PROBLEM TO SOLVE
Repeat the data as given. Images do not go in the copy.

SUPPLIED INFORMATION
━━━━━━━━━━━━━━━━━━━━
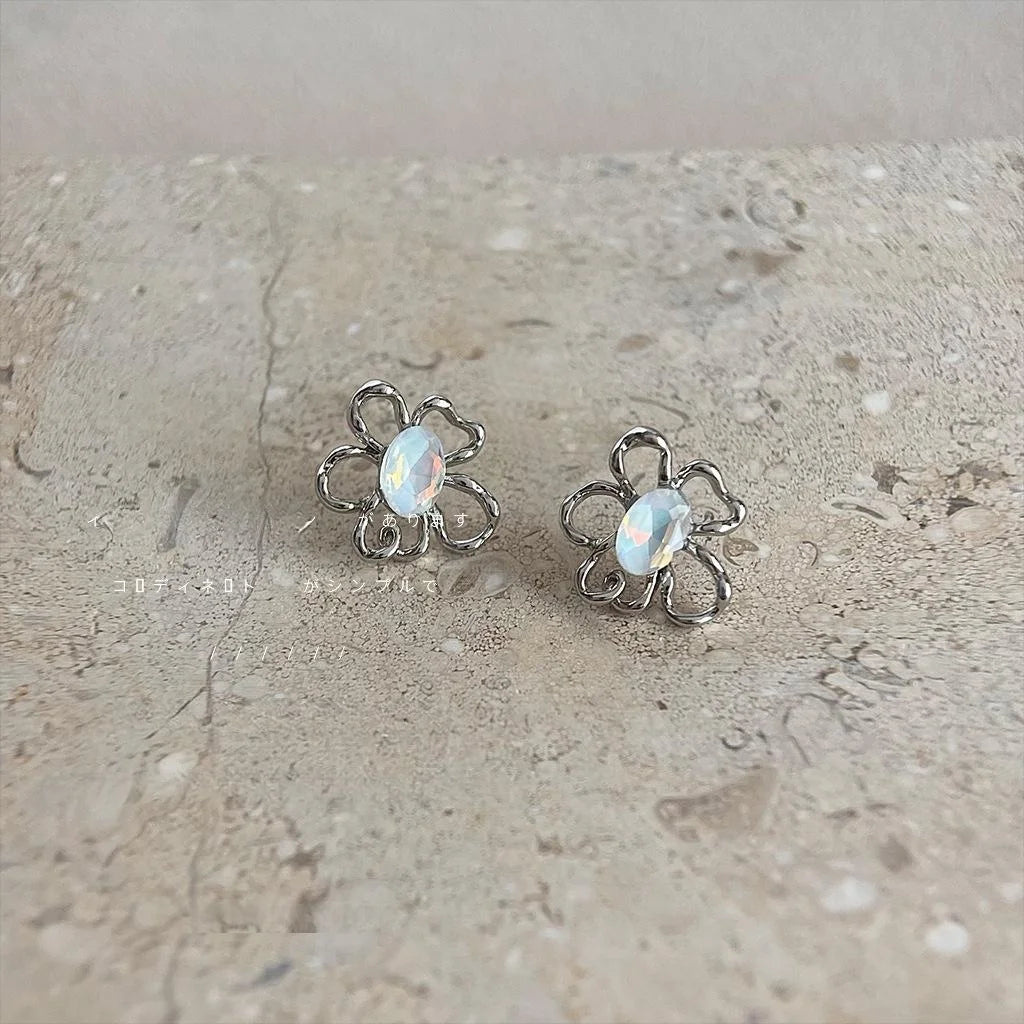 Cool Style Copper Hollow Flower Rhinestone Stud Earrings, Minimalist Elegant Commuter Jewelry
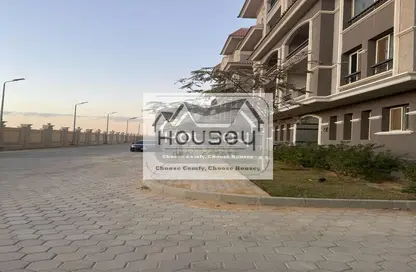 Apartment - 3 Bedrooms - 2 Bathrooms for sale in Mohamed Naguib Axis - Abou El Houl - New Cairo City - Cairo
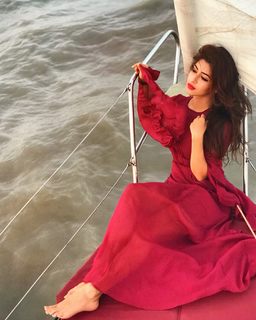 Sonarika Bhadoria feet photo thumbnail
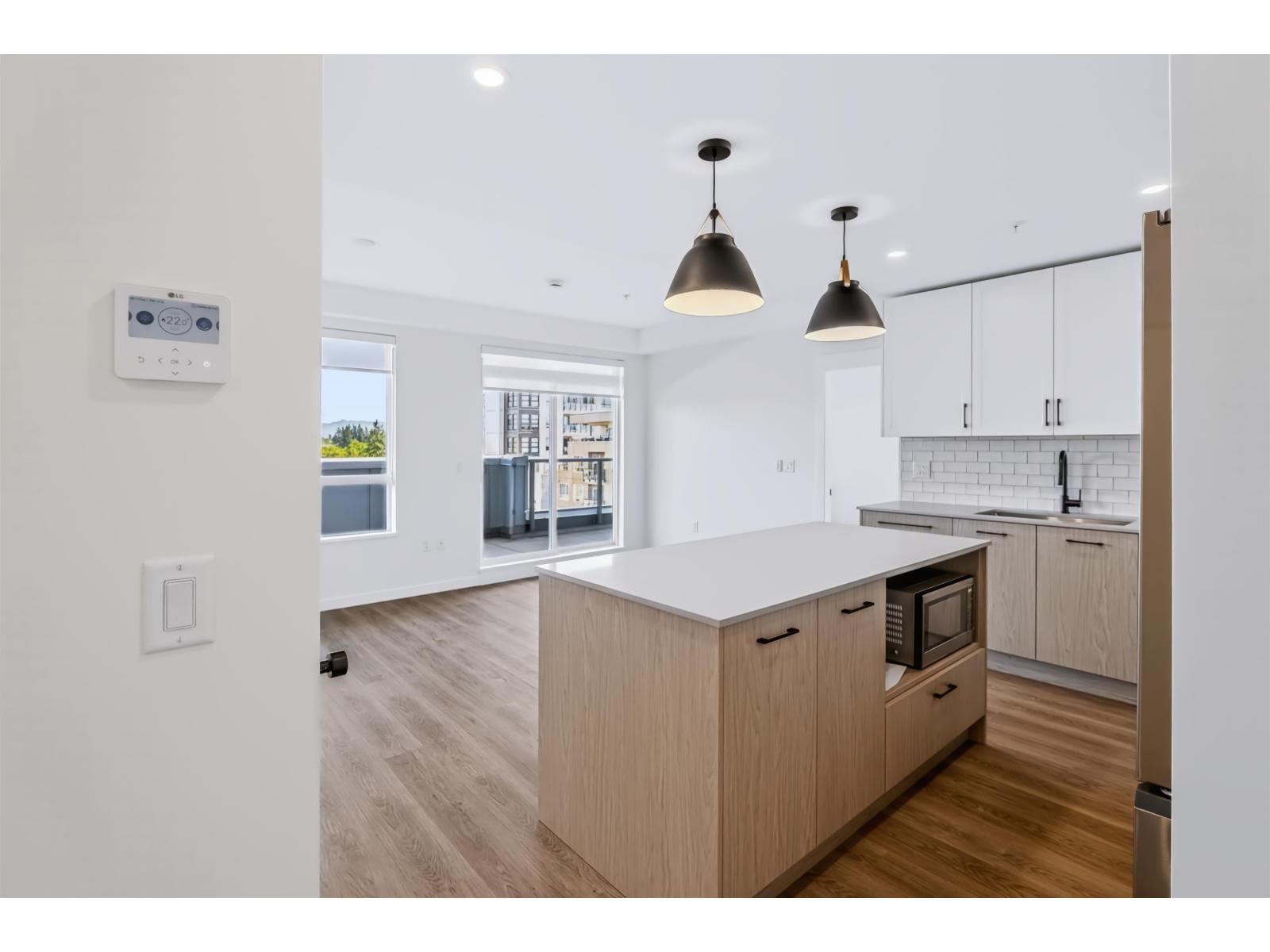 607 27215 Aldergrove Town Centre Drive, Langley, British Columbia V4W 3N7 - Photo 4 - R3144334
━━━━━━━━━━━━━━━━━━━━
EXERCISE ANSWER
 Cool Style Copper Hollow Flower Rhinestone Stud Earrings, Minimalist Elegant Commuter Jewelry
 Apartment - 3 Bedrooms - 2 Bathrooms for sale in Mohamed Naguib Axis - Abou El Houl - New Cairo City - Cairo
 Sonarika Bhadoria feet photo thumbnail
 607 27215 Aldergrove Town Centre Drive, Langley, British Columbia V4W 3N7 - Photo 4 - R3144334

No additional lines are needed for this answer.